In his fifth annual State of the City address, Mayor Andy Berke announced plans in the coming year to help spread prosperity to more city residents with new investments in affordable housing, early learning and innovation.
Berke's theme was that Chattanooga is "a city of creators," some famous, some unknown, but all contributing to build their city and their community.
Creators morphed Chattanooga from the town with the dirtiest air in America to a sparkling mecca that tops "best of" lists on multiple topics, Berke said. And the visioning process that enabled that evolution, starting at the Tennessee River and spreading throughout downtown, has been a model for other communities, he added.
He told the 800 or so people who attended the speech that the venue - the new Westin Hotel - is another act of creation that turned a worn-out insurance building into a luxury destination.

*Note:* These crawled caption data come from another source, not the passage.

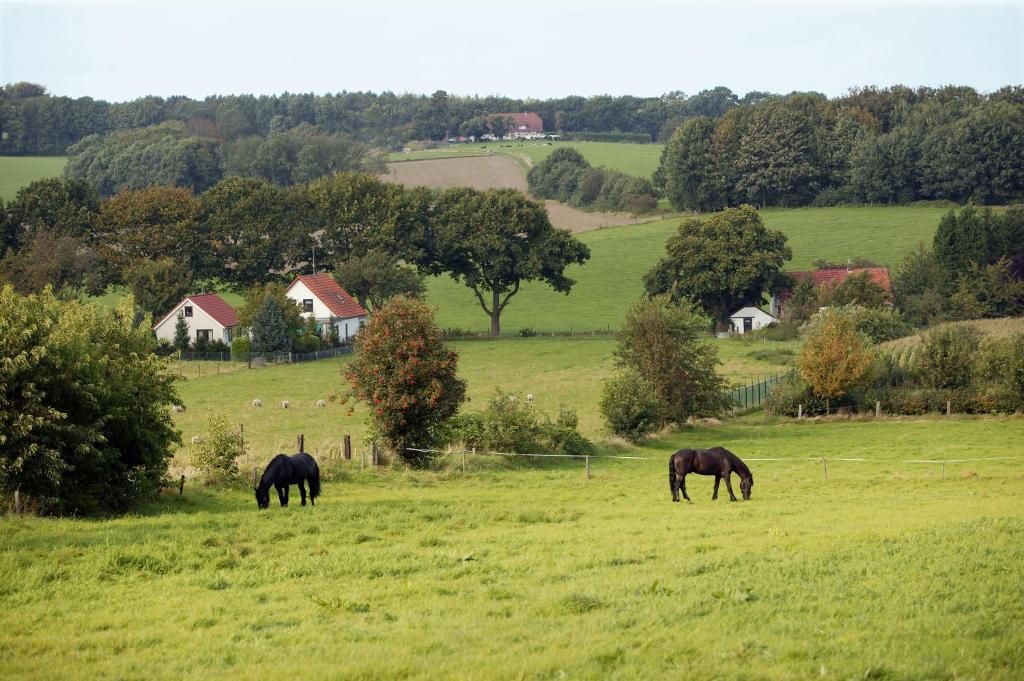 Umgebung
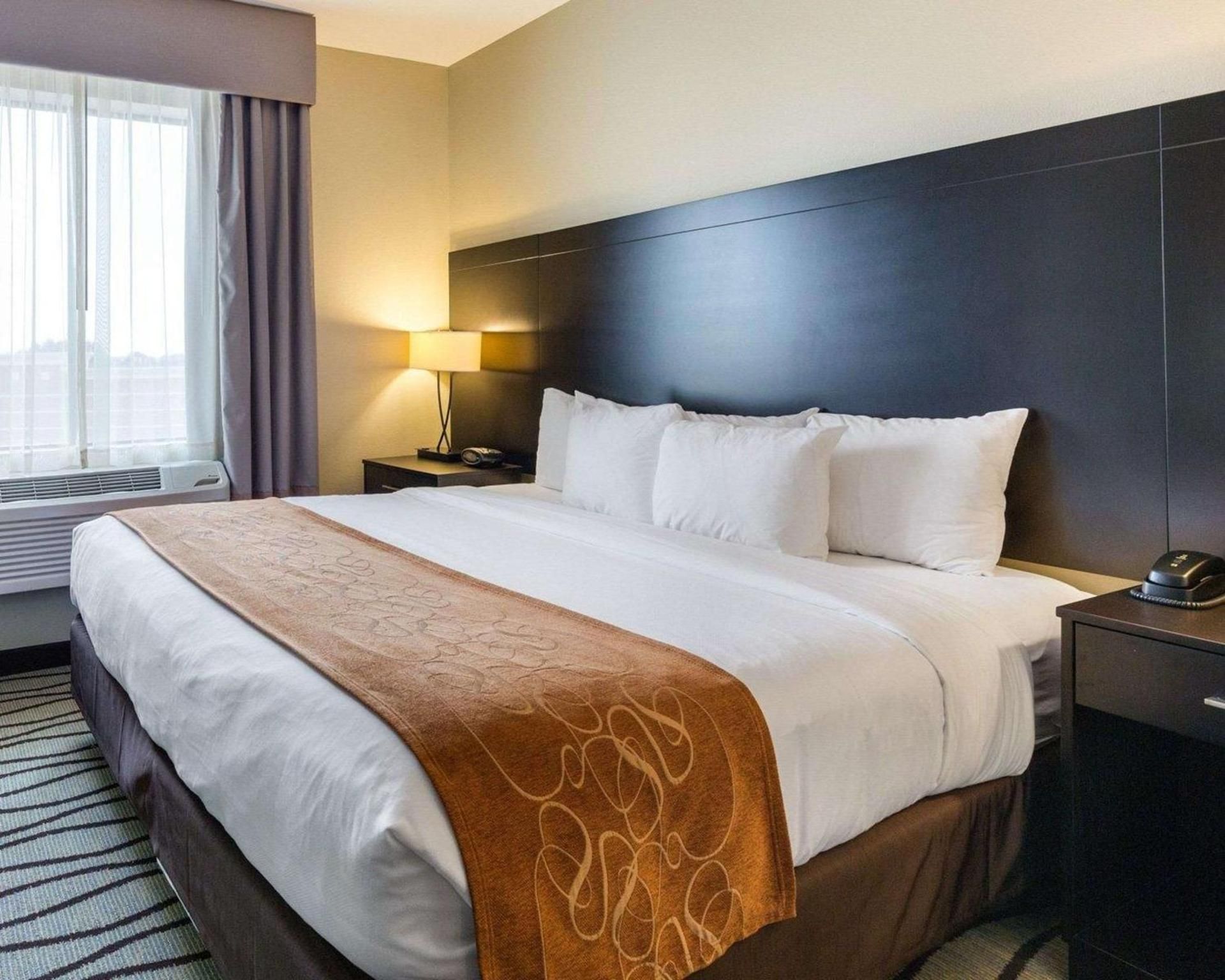 undefined Comfort Suites near Westchase on Beltway 8 8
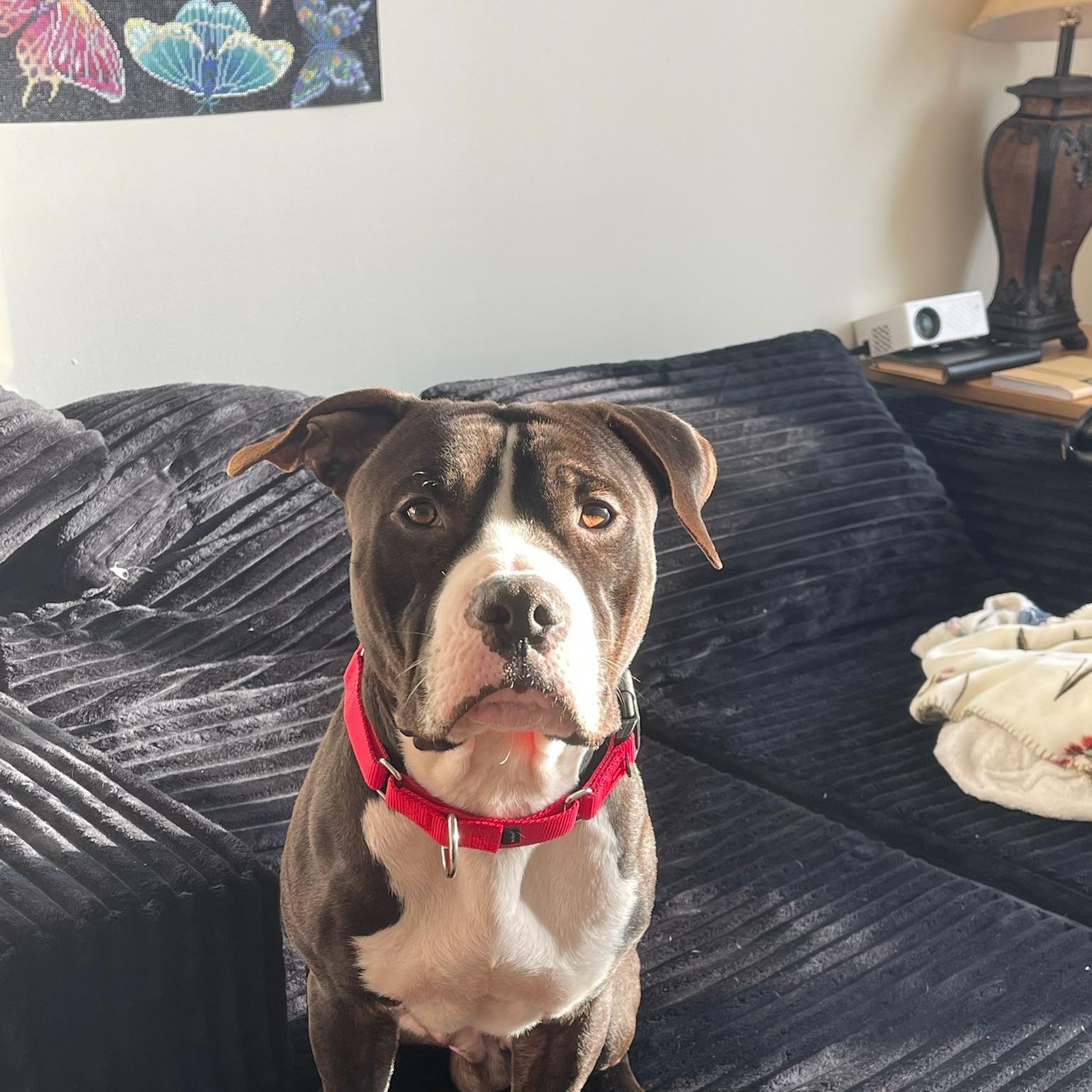 Enlarge Lennon, a Adoptable mixed breed in Philadelphia, PA image 3/6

Creators are everywhere in the city, he said, citing a couple of young mothers who started a business leading yoga and exercise classes for moms of newborns. He talked about a grandmother who created a weighted blanket that calmed her grandson with autism and led to her founding a business, and a 9-year-old who founded the Black Inventors Traveling Museum, which "showcases how African American inventors have affected everyday life."
"When we think of ourselves as creators, we understand we possess the power to change our lives and our city," he said.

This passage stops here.